CM solutions also allow you to develop multi-channel, dynamic dialogues with your customers. That means that you can map out the best 1:1 dialogues based on current and previous interactions offline and online. With all contact history recorded, you can establish response rules for automated measurement or for future trigger-based initiatives. The additional layer of history enables in-depth analysis of campaign results since the applications connect directly to your marketing data mart.

Typically, the entire marketing database is available in a logical view that takes a highly dimensional data model and presents a flattened view with an intuitive list of fields grouped by subject areas. Most applications also facilitate offer management processes for recording all financial costs and response assumptions. This allows you to compare planned versus actual results and enables full ROI calculations.

Marketing Resource Management

Marketing Resource Management (MRM) is the next level of automation for efficiently getting marketing tasks accomplished. When implemented correctly, MRM dramatically reduces the manual process involved in planning via multiple spreadsheets. As a result, it substantially reduces the need, and costs associated with, preparing time-consuming status updates throughout campaign implementation. That allows you to focus your resources on strategic activities rather than managing manual processes. Three broad areas comprise MRM:

• Production management, including a marketing calendar for managing activities and a workflow for managing individual tasks within each activity. Processes defined through your best practices ensure compliance every time. Project managers can set schedules and assign work to appropriate roles or individuals. Graphic displays of the tasks involved in delivering marketing projects provide insight into the production process and facilitate collaboration among your extended team of agencies and vendors.

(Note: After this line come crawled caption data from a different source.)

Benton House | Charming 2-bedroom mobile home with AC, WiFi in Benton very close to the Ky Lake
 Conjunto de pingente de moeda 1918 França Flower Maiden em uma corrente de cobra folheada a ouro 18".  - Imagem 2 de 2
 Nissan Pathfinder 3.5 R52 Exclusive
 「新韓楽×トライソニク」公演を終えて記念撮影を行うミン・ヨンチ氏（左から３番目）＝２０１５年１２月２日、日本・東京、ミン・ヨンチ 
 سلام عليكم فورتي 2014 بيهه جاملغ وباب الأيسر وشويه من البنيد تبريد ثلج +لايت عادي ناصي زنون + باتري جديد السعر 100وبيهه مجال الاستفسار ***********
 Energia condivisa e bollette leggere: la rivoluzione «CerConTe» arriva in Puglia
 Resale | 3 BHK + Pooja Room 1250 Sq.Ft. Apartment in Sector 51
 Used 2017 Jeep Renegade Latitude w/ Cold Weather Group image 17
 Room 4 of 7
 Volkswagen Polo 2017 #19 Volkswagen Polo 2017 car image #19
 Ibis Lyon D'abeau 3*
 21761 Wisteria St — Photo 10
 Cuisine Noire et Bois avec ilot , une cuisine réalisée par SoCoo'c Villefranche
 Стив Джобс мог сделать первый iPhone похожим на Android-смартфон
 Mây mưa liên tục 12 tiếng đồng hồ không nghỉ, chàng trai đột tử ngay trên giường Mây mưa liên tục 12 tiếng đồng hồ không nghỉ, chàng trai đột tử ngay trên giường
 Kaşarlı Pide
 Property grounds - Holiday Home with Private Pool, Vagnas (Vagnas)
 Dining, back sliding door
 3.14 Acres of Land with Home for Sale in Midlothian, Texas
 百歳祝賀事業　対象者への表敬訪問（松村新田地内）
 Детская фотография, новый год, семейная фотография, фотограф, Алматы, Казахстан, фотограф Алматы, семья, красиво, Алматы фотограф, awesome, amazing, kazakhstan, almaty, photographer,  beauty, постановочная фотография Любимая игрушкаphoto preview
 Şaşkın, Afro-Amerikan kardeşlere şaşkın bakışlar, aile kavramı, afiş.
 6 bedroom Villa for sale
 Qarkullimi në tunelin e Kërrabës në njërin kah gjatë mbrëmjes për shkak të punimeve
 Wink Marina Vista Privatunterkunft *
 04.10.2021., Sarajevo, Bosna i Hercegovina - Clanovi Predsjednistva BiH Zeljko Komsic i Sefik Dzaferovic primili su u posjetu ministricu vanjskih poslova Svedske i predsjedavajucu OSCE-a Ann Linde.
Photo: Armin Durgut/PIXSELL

• Asset management provides efficient access to marketing’s physical and digital assets.

• Financial management and planning provide data for budget control and forecasting. This enables improved financial decision-making and control with an up-to-the-minute view of budgeted, forecasted, committed and actual spend by project type, initiative, budget and date.

The Demand for Marketing Intelligence

As a marketer, you are always striving to keep ahead of fast changing industry trends, competitive pressures, economic fluctuations, fragmented markets and changing consumption habits. At the same time, channels are becoming more complex with dynamic content enabled through print and electronic communications. Finally, your ability to execute marketing programs successfully is being put to the test with the executive call for “doing more with less”. Tapping into any level of marketing intelligence automation ensures that you can be more efficient and more effective in all of your increasingly complex marketing initiatives.